Directions: Pull every line with "Adjustable" from the data.

Items from a dataset:
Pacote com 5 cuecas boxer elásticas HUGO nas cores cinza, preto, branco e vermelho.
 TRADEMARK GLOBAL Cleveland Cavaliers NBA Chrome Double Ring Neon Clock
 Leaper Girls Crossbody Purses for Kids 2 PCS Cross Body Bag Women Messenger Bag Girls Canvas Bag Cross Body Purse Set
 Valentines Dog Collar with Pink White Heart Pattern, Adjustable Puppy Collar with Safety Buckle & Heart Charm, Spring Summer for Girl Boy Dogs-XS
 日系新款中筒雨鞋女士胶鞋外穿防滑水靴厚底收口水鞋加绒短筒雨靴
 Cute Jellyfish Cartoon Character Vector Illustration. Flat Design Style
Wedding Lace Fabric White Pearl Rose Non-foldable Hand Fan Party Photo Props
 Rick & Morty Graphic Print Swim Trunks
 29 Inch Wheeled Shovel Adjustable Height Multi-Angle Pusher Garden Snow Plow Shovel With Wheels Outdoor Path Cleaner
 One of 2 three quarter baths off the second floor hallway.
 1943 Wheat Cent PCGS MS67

Output for this exercise:
 Valentines Dog Collar with Pink White Heart Pattern, Adjustable Puppy Collar with Safety Buckle & Heart Charm, Spring Summer for Girl Boy Dogs-XS
 29 Inch Wheeled Shovel Adjustable Height Multi-Angle Pusher Garden Snow Plow Shovel With Wheels Outdoor Path Cleaner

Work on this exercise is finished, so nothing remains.